• _ABOUT THIS EXERCISE_: Nothing but the images should be left out when the entries are restated word for word.

══════

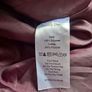 J'amie LA Vie Burgandy jacket fits size UK 16/18 Image 8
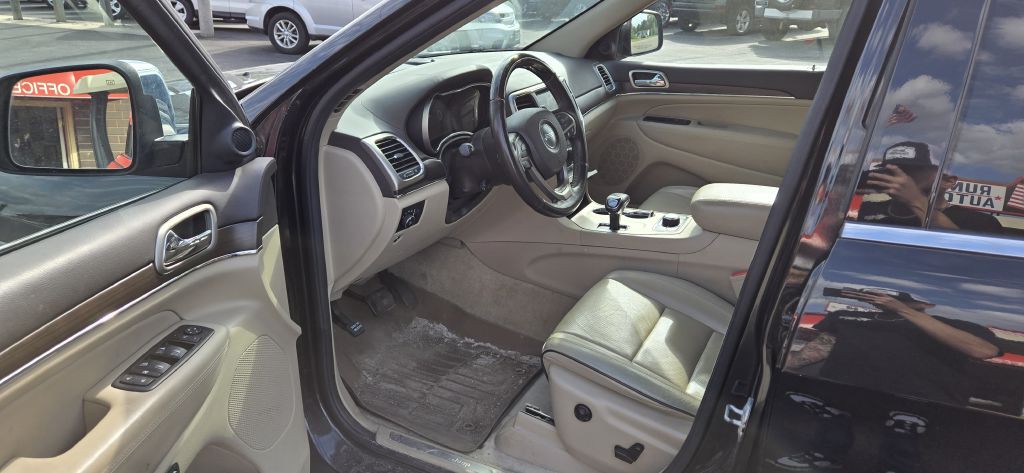 2015 Jeep Grand Cherokee Image 5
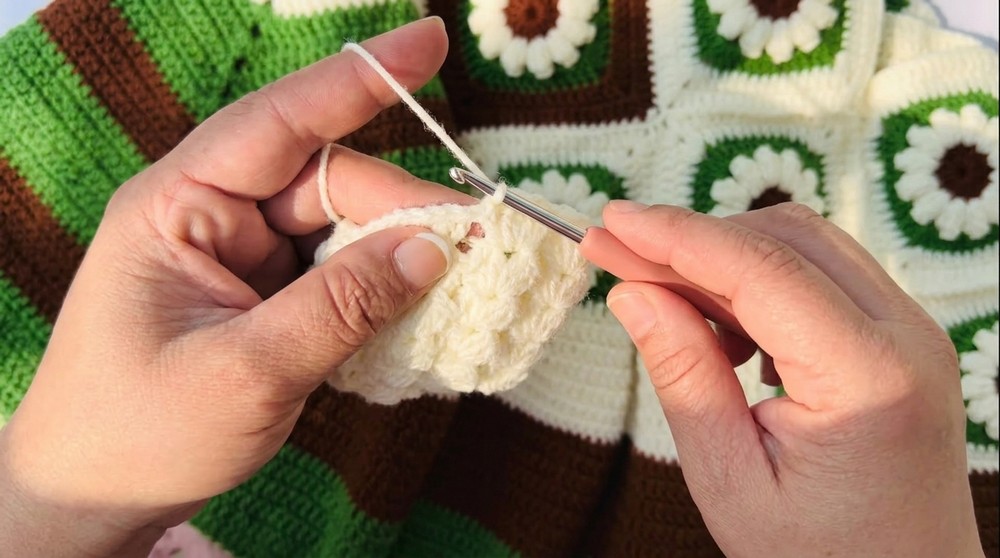 Crochet Dress Or Baby Frock Pattern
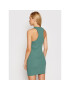 Puma Rochie de zi Classics Summer 599591 Verde Regular Fit - Pled.ro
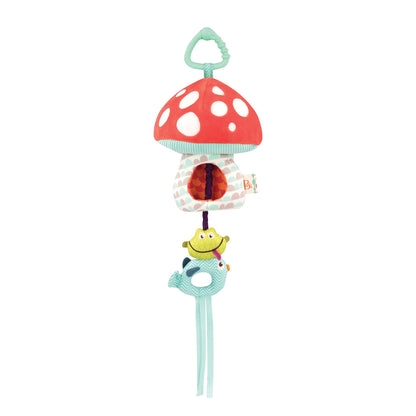 B. Toys - Magical Mellow-Zzzs Toadstool Music Box with Lights (4539053867042)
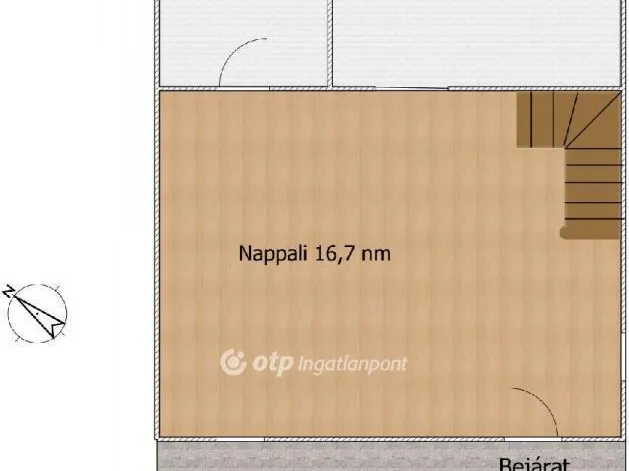 Eladó üdülő és hétvégi ház Budapest XXIII. kerület 64 nm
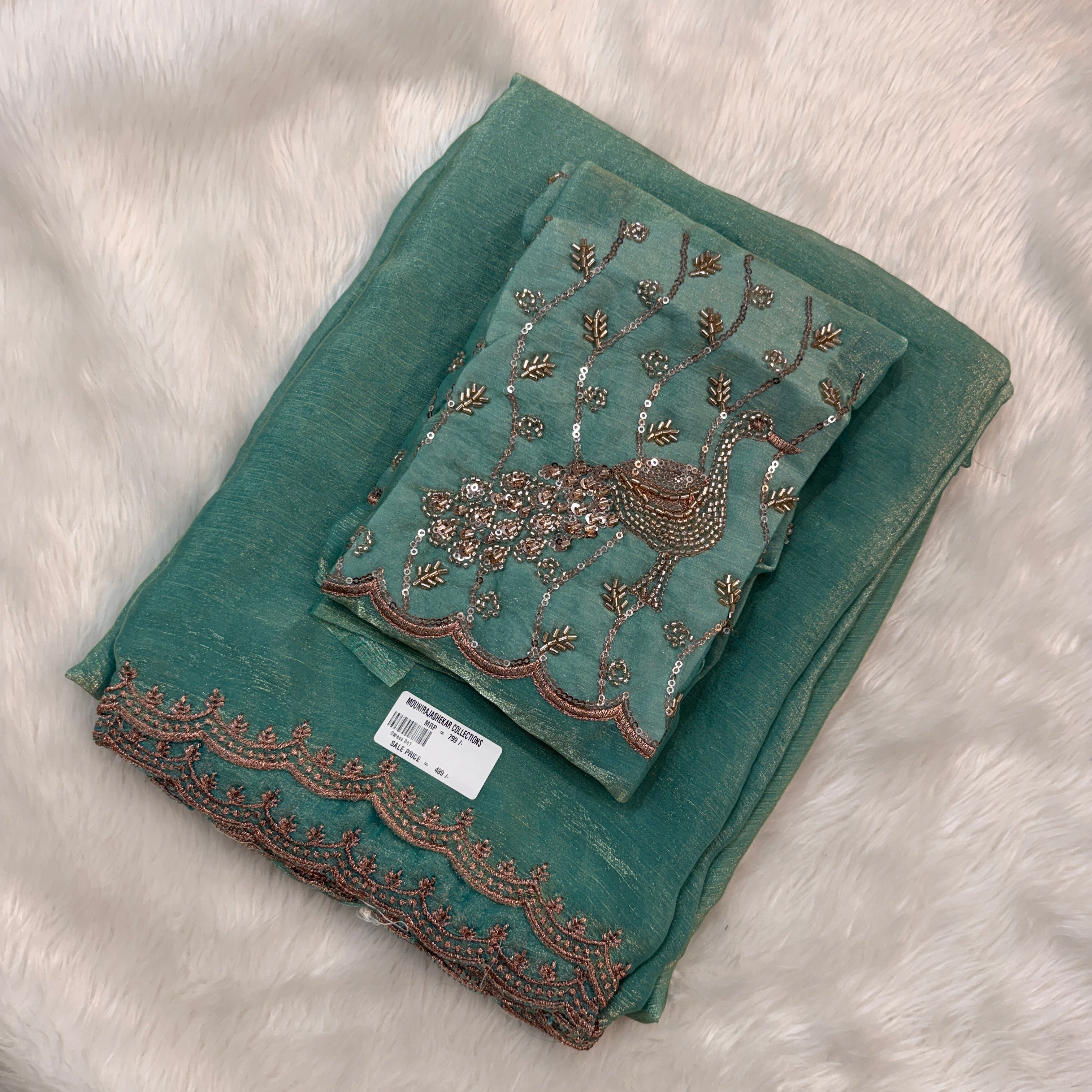 MRC235 Sale saree BN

══════

• _RESULT OF THE EXERCISE_:
 J'amie LA Vie Burgandy jacket fits size UK 16/18 Image 8
 2015 Jeep Grand Cherokee Image 5
 Crochet Dress Or Baby Frock Pattern
 Puma Rochie de zi Classics Summer 599591 Verde Regular Fit - Pled.ro
 B. Toys - Magical Mellow-Zzzs Toadstool Music Box with Lights (4539053867042)
 Eladó üdülő és hétvégi ház Budapest XXIII. kerület 64 nm
 MRC235 Sale saree BN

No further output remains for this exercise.